Implementing such a program (in photography and electronic media) will require substantial material and personnel investment. Personnel hired to oversee such a structure must be well-trained in both technical and art issues. It is imperative to have strong and active management of both the physical facility and the teaching curriculum for such a program to survive and flourish. Any program needs to be ideologically and physically flexible to respond with the changing developments of the different mediums. Finances, always a miserable situation for the Academy, must be secured either from the government, or through various alternative possibilities including fund-raising activities, private donations and subsidies, or a continuing education program.
As an arts institution carrying the weight of Iceland's higher education in the arts, the Academy is entering a critical period in its development and all changes need to be carefully considered with respect to the following conditions (among others):
-- the quality of the creative educational experience for the students,
-- the importance of the Academy to the cultural life of Iceland,
-- the conditions under which teachers and staff work.
Since the Parliament has passed legislation to give the Academy university status
and create a National Academy of the Arts, structural changes are inevitable.
As those closest to the reality of the situation, it is important that students
and teachers be in active dialogue exploring alternatives. Learning about alternative
structures from the other academies in which the Academy is in close contact
should be a high priority. There many operating photography and electronic media
programs at universities and art academies around the world, as well as institutions
with innovative general structures. It is now possible to draw on the combined
expertise of many of these institutions through the Nordplus and Erasmus exchange
programs, and through the Internet via collaborative projects.
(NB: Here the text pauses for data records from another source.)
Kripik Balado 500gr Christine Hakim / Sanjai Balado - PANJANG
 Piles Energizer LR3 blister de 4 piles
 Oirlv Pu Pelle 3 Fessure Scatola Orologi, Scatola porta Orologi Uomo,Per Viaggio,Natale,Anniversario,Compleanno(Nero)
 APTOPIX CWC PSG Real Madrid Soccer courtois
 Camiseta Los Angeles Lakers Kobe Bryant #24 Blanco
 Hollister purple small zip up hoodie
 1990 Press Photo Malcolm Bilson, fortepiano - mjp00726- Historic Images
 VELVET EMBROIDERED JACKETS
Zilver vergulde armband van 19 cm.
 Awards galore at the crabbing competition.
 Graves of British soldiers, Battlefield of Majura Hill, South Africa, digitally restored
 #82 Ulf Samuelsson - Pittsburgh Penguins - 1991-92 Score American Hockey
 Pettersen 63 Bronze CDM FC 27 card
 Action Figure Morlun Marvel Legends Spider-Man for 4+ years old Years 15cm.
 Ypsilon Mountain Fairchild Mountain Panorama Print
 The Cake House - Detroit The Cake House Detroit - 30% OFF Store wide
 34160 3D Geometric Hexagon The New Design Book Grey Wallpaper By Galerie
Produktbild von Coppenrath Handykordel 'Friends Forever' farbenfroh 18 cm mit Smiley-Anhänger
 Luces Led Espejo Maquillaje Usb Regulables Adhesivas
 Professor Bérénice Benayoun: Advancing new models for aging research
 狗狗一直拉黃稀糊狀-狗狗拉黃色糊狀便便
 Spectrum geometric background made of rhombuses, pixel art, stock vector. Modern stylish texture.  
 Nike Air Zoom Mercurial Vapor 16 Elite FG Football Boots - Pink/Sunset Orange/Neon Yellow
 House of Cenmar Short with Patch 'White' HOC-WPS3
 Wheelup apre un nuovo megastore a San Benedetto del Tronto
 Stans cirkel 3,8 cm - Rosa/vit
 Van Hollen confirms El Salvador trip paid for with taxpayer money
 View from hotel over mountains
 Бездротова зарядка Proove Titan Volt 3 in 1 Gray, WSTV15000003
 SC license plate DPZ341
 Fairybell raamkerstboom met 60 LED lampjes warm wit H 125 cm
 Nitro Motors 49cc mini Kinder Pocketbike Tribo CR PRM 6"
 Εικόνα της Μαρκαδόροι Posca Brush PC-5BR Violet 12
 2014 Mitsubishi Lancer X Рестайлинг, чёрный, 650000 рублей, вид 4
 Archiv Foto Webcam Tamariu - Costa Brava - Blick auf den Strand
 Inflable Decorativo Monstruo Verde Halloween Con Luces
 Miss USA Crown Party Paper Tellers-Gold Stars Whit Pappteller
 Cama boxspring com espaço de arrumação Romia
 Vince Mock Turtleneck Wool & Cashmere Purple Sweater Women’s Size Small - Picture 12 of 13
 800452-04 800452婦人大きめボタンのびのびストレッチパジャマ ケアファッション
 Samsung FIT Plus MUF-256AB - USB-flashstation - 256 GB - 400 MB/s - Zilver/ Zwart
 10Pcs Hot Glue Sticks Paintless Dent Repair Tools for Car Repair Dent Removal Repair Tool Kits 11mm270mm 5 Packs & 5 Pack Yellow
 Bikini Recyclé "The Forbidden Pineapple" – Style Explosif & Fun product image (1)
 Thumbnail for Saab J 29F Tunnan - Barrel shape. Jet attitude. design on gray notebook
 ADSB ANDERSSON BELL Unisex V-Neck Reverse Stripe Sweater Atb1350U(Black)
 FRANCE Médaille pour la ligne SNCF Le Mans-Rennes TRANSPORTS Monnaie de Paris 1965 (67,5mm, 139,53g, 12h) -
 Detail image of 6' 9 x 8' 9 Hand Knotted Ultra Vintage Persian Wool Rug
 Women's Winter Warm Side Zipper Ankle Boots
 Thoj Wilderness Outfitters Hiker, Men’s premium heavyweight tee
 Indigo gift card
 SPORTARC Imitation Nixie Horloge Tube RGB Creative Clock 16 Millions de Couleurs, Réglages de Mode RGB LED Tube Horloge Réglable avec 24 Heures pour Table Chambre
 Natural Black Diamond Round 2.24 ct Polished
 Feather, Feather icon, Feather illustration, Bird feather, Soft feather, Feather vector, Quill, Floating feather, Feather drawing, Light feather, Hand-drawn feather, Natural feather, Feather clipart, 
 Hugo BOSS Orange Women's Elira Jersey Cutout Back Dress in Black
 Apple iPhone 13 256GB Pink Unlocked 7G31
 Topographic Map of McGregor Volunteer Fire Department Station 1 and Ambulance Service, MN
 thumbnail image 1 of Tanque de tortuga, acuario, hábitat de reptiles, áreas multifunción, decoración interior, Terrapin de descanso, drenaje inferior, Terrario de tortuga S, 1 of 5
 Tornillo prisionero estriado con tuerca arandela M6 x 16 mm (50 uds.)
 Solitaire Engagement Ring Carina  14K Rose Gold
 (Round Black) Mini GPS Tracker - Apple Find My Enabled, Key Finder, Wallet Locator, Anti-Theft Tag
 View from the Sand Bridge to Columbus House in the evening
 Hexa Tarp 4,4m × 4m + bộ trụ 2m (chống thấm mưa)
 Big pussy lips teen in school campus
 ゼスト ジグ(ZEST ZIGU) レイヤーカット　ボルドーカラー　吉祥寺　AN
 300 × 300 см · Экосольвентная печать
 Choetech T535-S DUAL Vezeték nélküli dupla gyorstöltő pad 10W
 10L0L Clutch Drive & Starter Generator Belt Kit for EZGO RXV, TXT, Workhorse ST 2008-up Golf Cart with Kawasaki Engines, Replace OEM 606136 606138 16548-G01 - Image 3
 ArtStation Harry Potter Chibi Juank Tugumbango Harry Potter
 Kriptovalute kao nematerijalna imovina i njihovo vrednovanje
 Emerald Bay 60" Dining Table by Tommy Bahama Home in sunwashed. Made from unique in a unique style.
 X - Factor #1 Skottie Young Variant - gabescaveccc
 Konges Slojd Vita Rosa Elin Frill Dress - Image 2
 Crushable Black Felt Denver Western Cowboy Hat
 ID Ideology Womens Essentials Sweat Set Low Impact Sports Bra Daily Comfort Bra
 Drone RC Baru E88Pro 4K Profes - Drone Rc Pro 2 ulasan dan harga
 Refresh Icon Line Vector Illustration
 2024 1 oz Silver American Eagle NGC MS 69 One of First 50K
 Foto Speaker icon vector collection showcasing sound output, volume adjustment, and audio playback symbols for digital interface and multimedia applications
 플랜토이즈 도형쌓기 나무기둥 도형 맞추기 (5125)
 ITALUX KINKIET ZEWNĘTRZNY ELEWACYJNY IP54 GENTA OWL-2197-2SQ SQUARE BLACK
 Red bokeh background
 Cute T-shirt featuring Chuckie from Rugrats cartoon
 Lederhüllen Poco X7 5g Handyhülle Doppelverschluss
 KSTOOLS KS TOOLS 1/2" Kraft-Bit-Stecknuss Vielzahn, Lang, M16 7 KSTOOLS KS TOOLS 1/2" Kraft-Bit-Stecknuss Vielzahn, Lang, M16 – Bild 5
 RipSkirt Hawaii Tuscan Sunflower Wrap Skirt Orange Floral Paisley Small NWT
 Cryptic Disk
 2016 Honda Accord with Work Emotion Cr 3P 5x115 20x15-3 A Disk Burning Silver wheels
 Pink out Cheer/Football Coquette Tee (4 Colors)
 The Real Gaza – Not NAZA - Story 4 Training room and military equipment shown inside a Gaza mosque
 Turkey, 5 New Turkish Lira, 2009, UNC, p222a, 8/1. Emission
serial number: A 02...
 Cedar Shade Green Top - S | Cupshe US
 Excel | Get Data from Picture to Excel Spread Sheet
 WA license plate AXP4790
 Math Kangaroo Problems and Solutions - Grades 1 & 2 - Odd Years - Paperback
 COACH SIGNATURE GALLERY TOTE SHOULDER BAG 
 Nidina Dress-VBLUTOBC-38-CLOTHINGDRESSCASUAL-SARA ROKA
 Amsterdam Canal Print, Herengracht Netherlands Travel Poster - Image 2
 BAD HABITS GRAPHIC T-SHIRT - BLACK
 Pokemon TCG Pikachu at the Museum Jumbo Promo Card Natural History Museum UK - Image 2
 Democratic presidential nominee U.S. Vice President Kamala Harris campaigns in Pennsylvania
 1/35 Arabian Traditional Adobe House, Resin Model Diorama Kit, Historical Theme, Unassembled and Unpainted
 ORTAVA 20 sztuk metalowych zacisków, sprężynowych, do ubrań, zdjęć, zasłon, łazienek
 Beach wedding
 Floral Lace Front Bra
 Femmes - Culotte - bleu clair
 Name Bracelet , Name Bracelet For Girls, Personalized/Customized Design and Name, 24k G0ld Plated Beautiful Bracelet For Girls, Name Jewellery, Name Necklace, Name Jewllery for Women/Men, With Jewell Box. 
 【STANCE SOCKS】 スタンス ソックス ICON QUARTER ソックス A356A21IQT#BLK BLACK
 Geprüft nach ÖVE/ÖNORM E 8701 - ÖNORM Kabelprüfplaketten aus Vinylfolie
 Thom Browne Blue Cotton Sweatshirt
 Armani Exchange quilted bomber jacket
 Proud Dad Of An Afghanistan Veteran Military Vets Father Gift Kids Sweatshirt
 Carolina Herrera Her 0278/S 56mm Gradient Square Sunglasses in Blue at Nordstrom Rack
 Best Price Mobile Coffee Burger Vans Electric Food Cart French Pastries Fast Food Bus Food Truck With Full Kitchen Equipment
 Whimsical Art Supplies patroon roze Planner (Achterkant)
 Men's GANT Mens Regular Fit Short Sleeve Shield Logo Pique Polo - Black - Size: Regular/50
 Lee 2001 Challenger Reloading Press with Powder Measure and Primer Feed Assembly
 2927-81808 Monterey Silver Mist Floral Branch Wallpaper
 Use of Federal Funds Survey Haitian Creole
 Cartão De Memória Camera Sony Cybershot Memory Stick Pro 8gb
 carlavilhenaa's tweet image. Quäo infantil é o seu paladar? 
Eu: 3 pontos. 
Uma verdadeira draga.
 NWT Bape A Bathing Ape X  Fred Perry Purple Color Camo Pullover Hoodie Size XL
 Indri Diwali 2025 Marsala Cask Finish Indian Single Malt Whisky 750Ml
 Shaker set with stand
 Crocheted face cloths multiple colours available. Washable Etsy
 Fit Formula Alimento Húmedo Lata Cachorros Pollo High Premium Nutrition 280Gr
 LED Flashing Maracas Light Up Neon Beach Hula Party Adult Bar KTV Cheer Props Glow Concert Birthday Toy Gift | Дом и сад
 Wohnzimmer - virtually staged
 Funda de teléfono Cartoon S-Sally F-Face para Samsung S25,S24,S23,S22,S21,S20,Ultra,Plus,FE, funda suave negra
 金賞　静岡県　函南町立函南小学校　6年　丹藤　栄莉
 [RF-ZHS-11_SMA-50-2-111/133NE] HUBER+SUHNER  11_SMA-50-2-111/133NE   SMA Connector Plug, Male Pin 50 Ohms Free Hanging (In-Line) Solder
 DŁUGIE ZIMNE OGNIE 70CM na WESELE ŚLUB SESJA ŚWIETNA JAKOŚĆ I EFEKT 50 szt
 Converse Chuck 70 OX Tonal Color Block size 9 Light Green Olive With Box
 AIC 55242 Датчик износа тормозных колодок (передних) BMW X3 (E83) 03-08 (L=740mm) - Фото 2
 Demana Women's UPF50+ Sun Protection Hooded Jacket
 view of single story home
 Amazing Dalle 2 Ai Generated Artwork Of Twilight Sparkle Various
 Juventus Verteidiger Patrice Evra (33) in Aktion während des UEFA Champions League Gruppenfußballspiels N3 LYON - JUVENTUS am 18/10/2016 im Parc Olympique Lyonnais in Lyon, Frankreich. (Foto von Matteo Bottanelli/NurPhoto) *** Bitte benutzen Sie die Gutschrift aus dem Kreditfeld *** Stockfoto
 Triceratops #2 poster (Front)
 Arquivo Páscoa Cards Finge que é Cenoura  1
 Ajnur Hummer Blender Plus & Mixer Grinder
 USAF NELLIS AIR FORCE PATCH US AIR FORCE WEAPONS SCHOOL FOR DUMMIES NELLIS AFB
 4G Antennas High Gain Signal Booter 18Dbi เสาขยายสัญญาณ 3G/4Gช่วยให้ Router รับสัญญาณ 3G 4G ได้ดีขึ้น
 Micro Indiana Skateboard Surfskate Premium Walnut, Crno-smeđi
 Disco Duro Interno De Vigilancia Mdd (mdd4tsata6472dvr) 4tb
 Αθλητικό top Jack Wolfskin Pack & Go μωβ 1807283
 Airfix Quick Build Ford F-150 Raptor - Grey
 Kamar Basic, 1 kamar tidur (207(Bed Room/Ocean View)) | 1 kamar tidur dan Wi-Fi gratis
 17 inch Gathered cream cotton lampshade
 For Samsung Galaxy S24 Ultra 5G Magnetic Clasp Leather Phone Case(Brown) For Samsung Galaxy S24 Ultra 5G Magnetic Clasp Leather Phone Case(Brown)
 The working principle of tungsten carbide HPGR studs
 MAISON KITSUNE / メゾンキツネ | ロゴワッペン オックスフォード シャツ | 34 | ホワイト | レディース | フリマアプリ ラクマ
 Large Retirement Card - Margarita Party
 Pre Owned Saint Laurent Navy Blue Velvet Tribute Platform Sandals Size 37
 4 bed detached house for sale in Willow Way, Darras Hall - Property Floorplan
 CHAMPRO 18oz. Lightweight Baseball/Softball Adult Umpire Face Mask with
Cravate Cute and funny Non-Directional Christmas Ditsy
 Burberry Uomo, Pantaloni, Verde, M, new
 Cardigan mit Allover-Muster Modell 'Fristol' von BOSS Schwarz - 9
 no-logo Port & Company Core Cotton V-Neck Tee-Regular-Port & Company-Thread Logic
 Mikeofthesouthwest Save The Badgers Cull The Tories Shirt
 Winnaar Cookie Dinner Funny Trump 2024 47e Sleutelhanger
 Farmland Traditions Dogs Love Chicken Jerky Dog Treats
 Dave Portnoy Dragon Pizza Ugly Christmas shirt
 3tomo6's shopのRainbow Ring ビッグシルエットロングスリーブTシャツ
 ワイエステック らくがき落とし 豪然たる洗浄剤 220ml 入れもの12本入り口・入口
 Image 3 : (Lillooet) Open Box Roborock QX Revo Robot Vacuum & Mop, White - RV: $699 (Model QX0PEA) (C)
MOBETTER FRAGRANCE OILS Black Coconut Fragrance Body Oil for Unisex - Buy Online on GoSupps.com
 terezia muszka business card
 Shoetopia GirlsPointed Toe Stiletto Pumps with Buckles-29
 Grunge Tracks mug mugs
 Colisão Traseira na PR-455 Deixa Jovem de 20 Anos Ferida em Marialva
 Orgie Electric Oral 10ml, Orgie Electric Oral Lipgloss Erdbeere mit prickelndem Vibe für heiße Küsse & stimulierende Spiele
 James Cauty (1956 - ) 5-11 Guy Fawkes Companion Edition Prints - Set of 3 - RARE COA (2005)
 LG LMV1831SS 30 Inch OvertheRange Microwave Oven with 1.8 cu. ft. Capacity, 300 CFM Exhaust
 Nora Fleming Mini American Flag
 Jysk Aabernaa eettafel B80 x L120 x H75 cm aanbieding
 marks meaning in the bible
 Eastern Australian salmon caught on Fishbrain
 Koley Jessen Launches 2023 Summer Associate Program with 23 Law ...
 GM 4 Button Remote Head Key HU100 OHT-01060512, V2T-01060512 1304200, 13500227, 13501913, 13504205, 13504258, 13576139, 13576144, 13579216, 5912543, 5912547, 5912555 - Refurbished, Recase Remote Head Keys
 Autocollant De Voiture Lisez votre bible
Instituting change at the Academy is a collective process of dialogue between students, teachers, staff, management, and (outsiders!) through to the highest levels of the Ministry of Education. A clear and coherent policy needs to be formed now!
It is my hope that this brief article might add to this dialogue as an expression of action. If, however, in the dialogue, there are only words and no actions, the College will become ever more marginalized in the internal educational/social system of Iceland and in the greater European picture as well.